## [What the task requires]
Restate the material below word for word, from its first line to its last.

*** Dataset records ***

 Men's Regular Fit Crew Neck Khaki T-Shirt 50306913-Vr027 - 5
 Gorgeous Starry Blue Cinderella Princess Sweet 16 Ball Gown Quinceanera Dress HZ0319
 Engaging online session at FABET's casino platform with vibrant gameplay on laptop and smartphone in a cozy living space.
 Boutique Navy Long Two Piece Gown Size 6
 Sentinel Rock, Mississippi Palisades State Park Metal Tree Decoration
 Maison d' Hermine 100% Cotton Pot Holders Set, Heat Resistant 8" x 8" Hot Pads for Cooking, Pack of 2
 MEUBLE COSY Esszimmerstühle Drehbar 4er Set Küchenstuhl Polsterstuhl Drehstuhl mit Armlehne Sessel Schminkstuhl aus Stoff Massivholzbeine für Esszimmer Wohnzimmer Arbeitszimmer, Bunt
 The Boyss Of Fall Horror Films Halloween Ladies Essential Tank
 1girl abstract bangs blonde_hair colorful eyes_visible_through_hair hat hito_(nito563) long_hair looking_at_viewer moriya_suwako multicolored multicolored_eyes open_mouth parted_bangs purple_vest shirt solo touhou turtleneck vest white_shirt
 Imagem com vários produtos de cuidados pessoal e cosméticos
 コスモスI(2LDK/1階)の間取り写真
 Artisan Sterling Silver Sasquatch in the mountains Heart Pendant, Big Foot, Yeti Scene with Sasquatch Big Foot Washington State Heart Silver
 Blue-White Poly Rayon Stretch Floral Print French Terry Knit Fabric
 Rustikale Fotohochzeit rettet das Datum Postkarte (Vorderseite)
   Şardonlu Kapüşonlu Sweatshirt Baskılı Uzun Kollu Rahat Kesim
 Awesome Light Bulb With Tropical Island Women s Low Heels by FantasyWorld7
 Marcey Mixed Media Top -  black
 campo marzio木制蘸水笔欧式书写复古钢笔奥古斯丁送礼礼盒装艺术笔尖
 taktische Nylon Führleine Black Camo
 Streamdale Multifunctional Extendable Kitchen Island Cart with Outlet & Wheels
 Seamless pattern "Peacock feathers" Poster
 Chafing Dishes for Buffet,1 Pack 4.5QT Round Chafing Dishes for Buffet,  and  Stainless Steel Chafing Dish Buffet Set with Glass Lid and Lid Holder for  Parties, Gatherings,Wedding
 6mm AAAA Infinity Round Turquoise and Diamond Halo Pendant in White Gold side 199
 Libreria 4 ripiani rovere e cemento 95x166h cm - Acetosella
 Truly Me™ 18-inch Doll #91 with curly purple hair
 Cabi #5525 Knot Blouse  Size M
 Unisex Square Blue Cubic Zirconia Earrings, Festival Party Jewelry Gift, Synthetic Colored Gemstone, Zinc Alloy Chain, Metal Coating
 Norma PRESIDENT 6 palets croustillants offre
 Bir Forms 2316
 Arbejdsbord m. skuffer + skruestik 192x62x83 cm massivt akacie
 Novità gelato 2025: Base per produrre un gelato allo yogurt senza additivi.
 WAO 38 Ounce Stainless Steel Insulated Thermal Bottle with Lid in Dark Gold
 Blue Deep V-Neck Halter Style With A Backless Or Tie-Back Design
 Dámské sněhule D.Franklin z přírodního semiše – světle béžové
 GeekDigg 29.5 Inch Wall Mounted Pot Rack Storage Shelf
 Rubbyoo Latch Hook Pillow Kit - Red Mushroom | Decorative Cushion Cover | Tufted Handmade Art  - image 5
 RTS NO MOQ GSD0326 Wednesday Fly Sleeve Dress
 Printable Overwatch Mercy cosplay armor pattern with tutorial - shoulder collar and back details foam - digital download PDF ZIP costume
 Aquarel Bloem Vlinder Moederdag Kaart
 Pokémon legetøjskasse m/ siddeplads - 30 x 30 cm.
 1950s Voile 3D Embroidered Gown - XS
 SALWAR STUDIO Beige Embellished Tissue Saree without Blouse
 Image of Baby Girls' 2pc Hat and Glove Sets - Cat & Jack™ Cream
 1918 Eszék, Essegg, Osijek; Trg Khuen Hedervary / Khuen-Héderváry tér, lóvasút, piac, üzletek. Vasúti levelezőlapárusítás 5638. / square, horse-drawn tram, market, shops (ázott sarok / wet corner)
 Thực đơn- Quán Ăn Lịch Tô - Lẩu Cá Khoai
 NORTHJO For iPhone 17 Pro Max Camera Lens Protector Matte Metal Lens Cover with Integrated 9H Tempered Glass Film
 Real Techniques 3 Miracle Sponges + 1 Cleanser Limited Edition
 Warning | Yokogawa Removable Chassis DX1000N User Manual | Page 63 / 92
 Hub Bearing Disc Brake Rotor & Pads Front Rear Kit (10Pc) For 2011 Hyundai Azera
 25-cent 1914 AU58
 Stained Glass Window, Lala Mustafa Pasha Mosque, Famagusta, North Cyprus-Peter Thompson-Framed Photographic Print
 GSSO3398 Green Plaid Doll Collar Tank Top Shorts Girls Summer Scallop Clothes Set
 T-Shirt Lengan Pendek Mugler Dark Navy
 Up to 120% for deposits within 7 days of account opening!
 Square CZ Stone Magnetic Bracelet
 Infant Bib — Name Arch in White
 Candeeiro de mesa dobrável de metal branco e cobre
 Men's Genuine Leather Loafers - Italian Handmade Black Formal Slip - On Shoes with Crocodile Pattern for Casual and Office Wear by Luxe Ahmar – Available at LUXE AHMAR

*** End of Dataset records ***

## [Task solution]
 Men's Regular Fit Crew Neck Khaki T-Shirt 50306913-Vr027 - 5
 Gorgeous Starry Blue Cinderella Princess Sweet 16 Ball Gown Quinceanera Dress HZ0319
 Engaging online session at FABET's casino platform with vibrant gameplay on laptop and smartphone in a cozy living space.
 Boutique Navy Long Two Piece Gown Size 6
 Sentinel Rock, Mississippi Palisades State Park Metal Tree Decoration
 Maison d' Hermine 100% Cotton Pot Holders Set, Heat Resistant 8" x 8" Hot Pads for Cooking, Pack of 2
 MEUBLE COSY Esszimmerstühle Drehbar 4er Set Küchenstuhl Polsterstuhl Drehstuhl mit Armlehne Sessel Schminkstuhl aus Stoff Massivholzbeine für Esszimmer Wohnzimmer Arbeitszimmer, Bunt
 The Boyss Of Fall Horror Films Halloween Ladies Essential Tank
 1girl abstract bangs blonde_hair colorful eyes_visible_through_hair hat hito_(nito563) long_hair looking_at_viewer moriya_suwako multicolored multicolored_eyes open_mouth parted_bangs purple_vest shirt solo touhou turtleneck vest white_shirt
 Imagem com vários produtos de cuidados pessoal e cosméticos
 コスモスI(2LDK/1階)の間取り写真
 Artisan Sterling Silver Sasquatch in the mountains Heart Pendant, Big Foot, Yeti Scene with Sasquatch Big Foot Washington State Heart Silver
 Blue-White Poly Rayon Stretch Floral Print French Terry Knit Fabric
 Rustikale Fotohochzeit rettet das Datum Postkarte (Vorderseite)
   Şardonlu Kapüşonlu Sweatshirt Baskılı Uzun Kollu Rahat Kesim
 Awesome Light Bulb With Tropical Island Women s Low Heels by FantasyWorld7
 Marcey Mixed Media Top -  black
 campo marzio木制蘸水笔欧式书写复古钢笔奥古斯丁送礼礼盒装艺术笔尖
 taktische Nylon Führleine Black Camo
 Streamdale Multifunctional Extendable Kitchen Island Cart with Outlet & Wheels
 Seamless pattern "Peacock feathers" Poster
 Chafing Dishes for Buffet,1 Pack 4.5QT Round Chafing Dishes for Buffet,  and  Stainless Steel Chafing Dish Buffet Set with Glass Lid and Lid Holder for  Parties, Gatherings,Wedding
 6mm AAAA Infinity Round Turquoise and Diamond Halo Pendant in White Gold side 199
 Libreria 4 ripiani rovere e cemento 95x166h cm - Acetosella
 Truly Me™ 18-inch Doll #91 with curly purple hair
 Cabi #5525 Knot Blouse  Size M
 Unisex Square Blue Cubic Zirconia Earrings, Festival Party Jewelry Gift, Synthetic Colored Gemstone, Zinc Alloy Chain, Metal Coating
 Norma PRESIDENT 6 palets croustillants offre
 Bir Forms 2316
 Arbejdsbord m. skuffer + skruestik 192x62x83 cm massivt akacie
 Novità gelato 2025: Base per produrre un gelato allo yogurt senza additivi.
 WAO 38 Ounce Stainless Steel Insulated Thermal Bottle with Lid in Dark Gold
 Blue Deep V-Neck Halter Style With A Backless Or Tie-Back Design
 Dámské sněhule D.Franklin z přírodního semiše – světle béžové
 GeekDigg 29.5 Inch Wall Mounted Pot Rack Storage Shelf
 Rubbyoo Latch Hook Pillow Kit - Red Mushroom | Decorative Cushion Cover | Tufted Handmade Art  - image 5
 RTS NO MOQ GSD0326 Wednesday Fly Sleeve Dress
 Printable Overwatch Mercy cosplay armor pattern with tutorial - shoulder collar and back details foam - digital download PDF ZIP costume
 Aquarel Bloem Vlinder Moederdag Kaart
 Pokémon legetøjskasse m/ siddeplads - 30 x 30 cm.
 1950s Voile 3D Embroidered Gown - XS
 SALWAR STUDIO Beige Embellished Tissue Saree without Blouse
 Image of Baby Girls' 2pc Hat and Glove Sets - Cat & Jack™ Cream
 1918 Eszék, Essegg, Osijek; Trg Khuen Hedervary / Khuen-Héderváry tér, lóvasút, piac, üzletek. Vasúti levelezőlapárusítás 5638. / square, horse-drawn tram, market, shops (ázott sarok / wet corner)
 Thực đơn- Quán Ăn Lịch Tô - Lẩu Cá Khoai
 NORTHJO For iPhone 17 Pro Max Camera Lens Protector Matte Metal Lens Cover with Integrated 9H Tempered Glass Film
 Real Techniques 3 Miracle Sponges + 1 Cleanser Limited Edition
 Warning | Yokogawa Removable Chassis DX1000N User Manual | Page 63 / 92
 Hub Bearing Disc Brake Rotor & Pads Front Rear Kit (10Pc) For 2011 Hyundai Azera
 25-cent 1914 AU58
 Stained Glass Window, Lala Mustafa Pasha Mosque, Famagusta, North Cyprus-Peter Thompson-Framed Photographic Print
 GSSO3398 Green Plaid Doll Collar Tank Top Shorts Girls Summer Scallop Clothes Set
 T-Shirt Lengan Pendek Mugler Dark Navy
 Up to 120% for deposits within 7 days of account opening!
 Square CZ Stone Magnetic Bracelet
 Infant Bib — Name Arch in White
 Candeeiro de mesa dobrável de metal branco e cobre
 Men's Genuine Leather Loafers - Italian Handmade Black Formal Slip - On Shoes with Crocodile Pattern for Casual and Office Wear by Luxe Ahmar – Available at LUXE AHMAR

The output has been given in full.